**Dataset extract**
————————

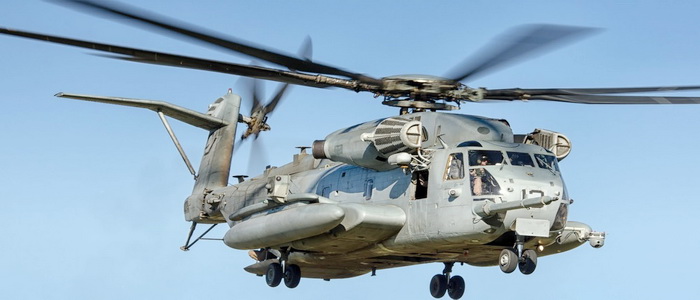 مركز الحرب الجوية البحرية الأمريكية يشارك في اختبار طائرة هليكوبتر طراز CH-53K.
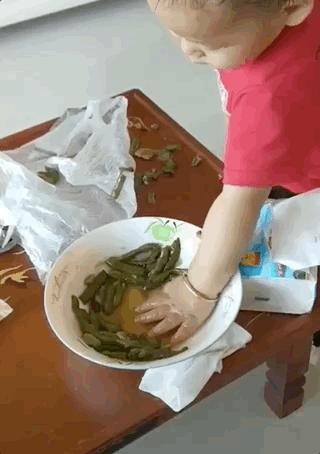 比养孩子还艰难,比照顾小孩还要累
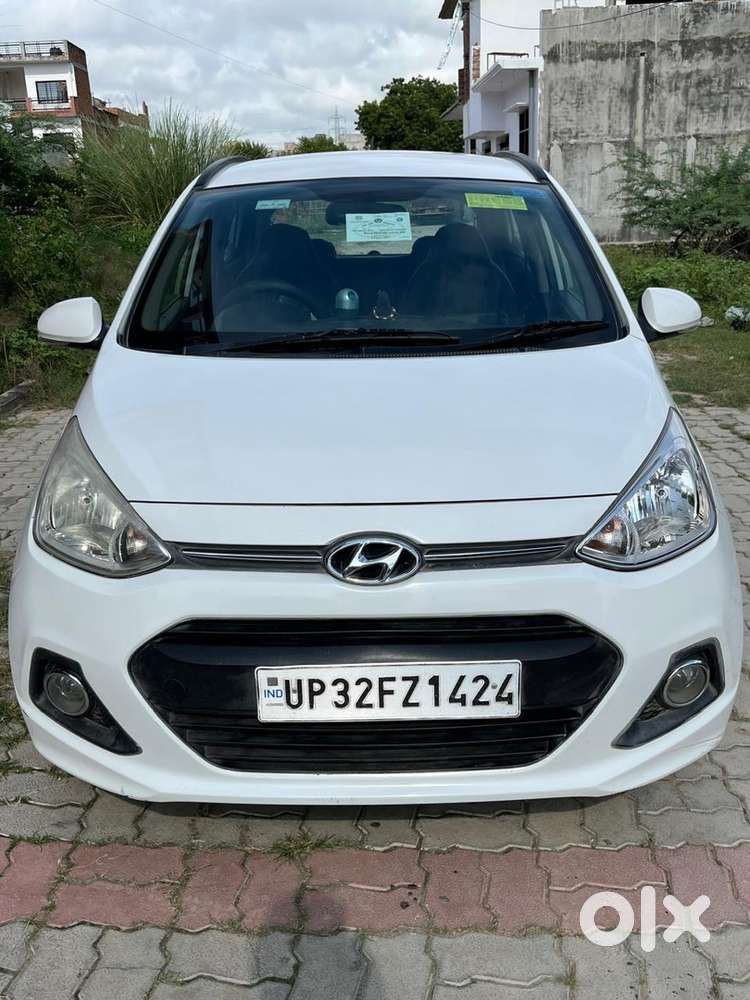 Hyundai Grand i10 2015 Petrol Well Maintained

————————

**About this task**
Give the listing above again in its entirety and exactly; do not include the pictures.

**Result of this exercise**
 مركز الحرب الجوية البحرية الأمريكية يشارك في اختبار طائرة هليكوبتر طراز CH-53K.
 比养孩子还艰难,比照顾小孩还要累
 Hyundai Grand i10 2015 Petrol Well Maintained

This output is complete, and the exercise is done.